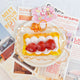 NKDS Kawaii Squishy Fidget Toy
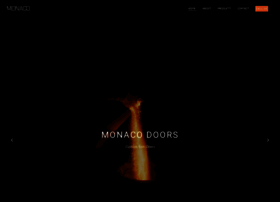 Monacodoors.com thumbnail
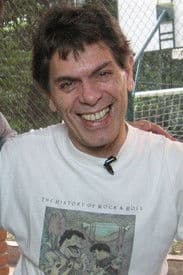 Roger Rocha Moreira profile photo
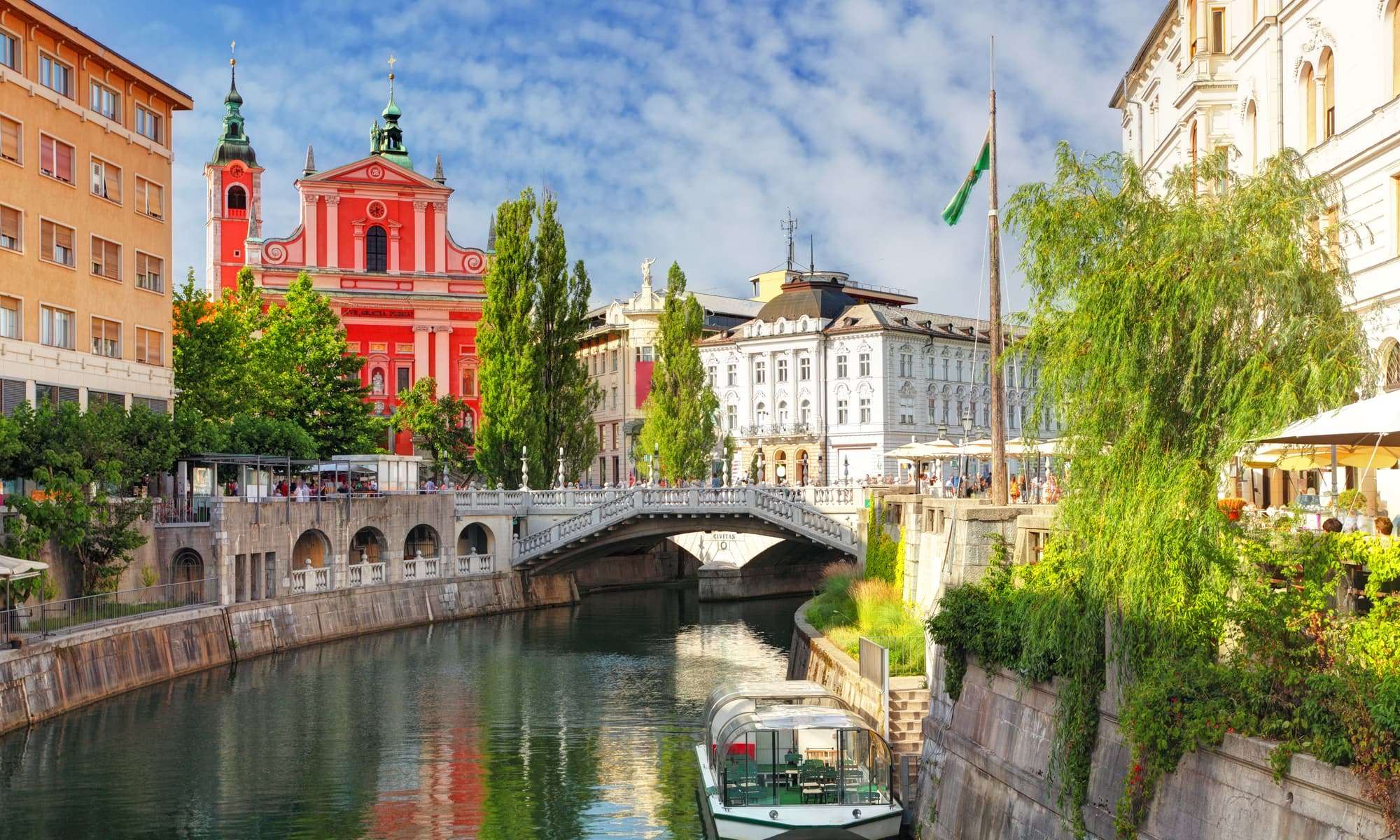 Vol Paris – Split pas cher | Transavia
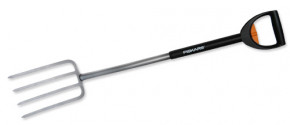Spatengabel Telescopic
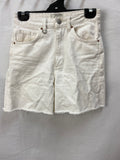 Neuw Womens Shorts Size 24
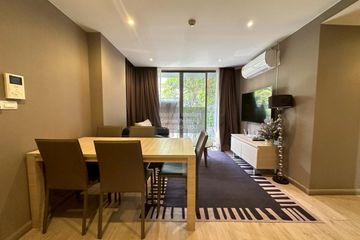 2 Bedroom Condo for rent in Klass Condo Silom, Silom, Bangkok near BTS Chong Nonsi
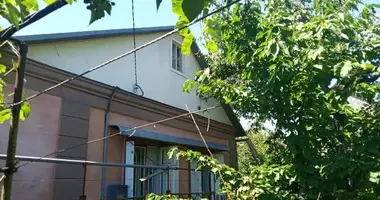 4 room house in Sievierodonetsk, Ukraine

What the exercise asks
Leave the pictures out. Extract exactly the lines running from the one with "Spatengabel Telescopic" through the last entry, both ends included.

Exercise solution
Spatengabel Telescopic
 Neuw Womens Shorts Size 24
 2 Bedroom Condo for rent in Klass Condo Silom, Silom, Bangkok near BTS Chong Nonsi
 4 room house in Sievierodonetsk, Ukraine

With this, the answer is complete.